A faithful transcription of all the data, images excluded, is the required answer.

*Dataset section*.
* * * * * * * * *

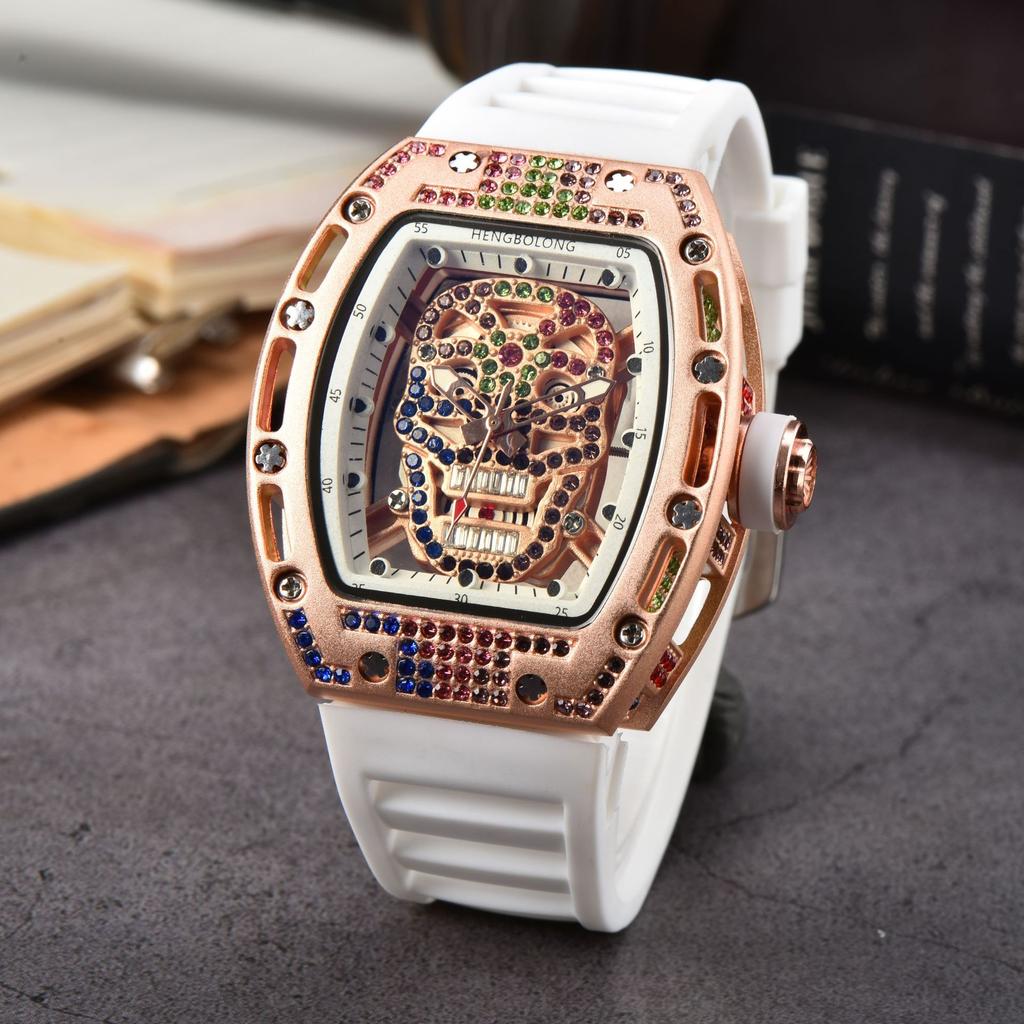 New Colored Diamond Skull Quartz Watch Spot Wholesale Fashion Business Diamond-encrusted Silicone Watch Men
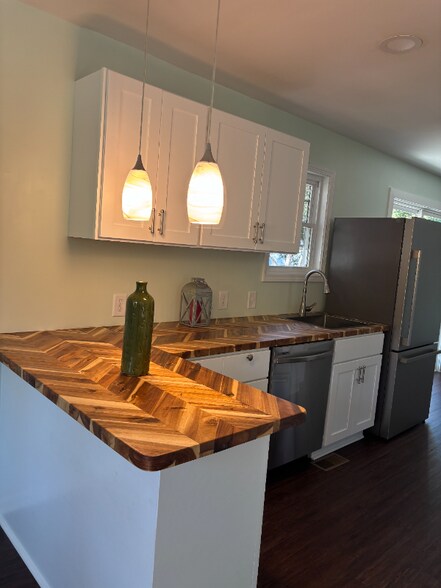 Building Photo - 1205 Crabtree Blvd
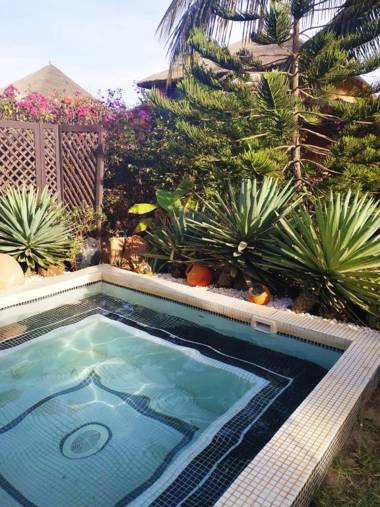 3 bedrooms house with shared pool jacuzzi and enclosed garden at Nianing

* * * * * * * * *

*Result for this task*.
 New Colored Diamond Skull Quartz Watch Spot Wholesale Fashion Business Diamond-encrusted Silicone Watch Men
 Building Photo - 1205 Crabtree Blvd
 3 bedrooms house with shared pool jacuzzi and enclosed garden at Nianing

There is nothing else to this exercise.